It is caused by a trivial bug ttat is going to fixed soon, however
in most cases there is no need to dump a full stats.

This patch makes possible to select a scope of dumped data by extending
current "show stat" to "show stat [<iid> <type> <sid>]":
 - iid is a proxy id, -1 to dump all proxies
 - type selects type of dumpable objects: 1 for frontend, 2 for backend, 4 for
   server, -1 for all types. Values can be ORed, for example:
     1+2=3   -> frontend+backend.
     1+2+4=7 -> frontend+backend+server.
 - sid is a service id, -1 to dump everything from the selected proxy.

To do this I implemented a new session flag (SN_STAT_BOUND), added three
variables in data_ctx.stats (iid, type, sid), modified dumpstats.c and
completely revorked the process_uxst_stats: now it waits for a "\n"
terminated string, splits args and uses them.

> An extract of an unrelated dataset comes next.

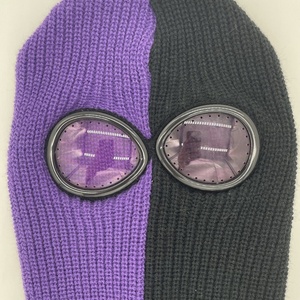 Balaclava CS personnalisée tricotée demi-noir et demi-violet <span class=keywords><strong>cagoule</strong></span> pour lunettes <span class=keywords><strong>cagoule</strong></span> en acrylique souple avec lunettes - Product Image 2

BTW: It should be quite easy
to add new commands, for example to enable/disable servers, the only problem
I can see is a not very lucky config name (*stats* socket). :|

During the work I also fixed two bug:
 - s->flags were not initialized for proto_uxst
 - missing comma if throttling not enabled (caused by a stupid change in
     "Implement persistent id for proxies and servers")

Other changes:
 - No more magic type valuse, use STATS_TYPE_FE/STATS_TYPE_BE/STATS_TYPE_SV
 - Don't memset full s->data_ctx (it was clearing s->data_ctx.stats.{iid/type/sid},
    instead initialize stats.sv & stats.sv_st (stats.px and stats.px_st were already
    initialized)

With all that changes it was extremely easy to write a short perl plugin
for a perl-enabled net-snmp (also included in this patch).

29385 is my PEN (Private Enterprise Number) and I'm willing to donate
the SNMPv2-SMI::enterprises.29385.106.* OIDs for HAProxy if there
is nothing assigned already.
2008-03-04 06:32:16 +01:00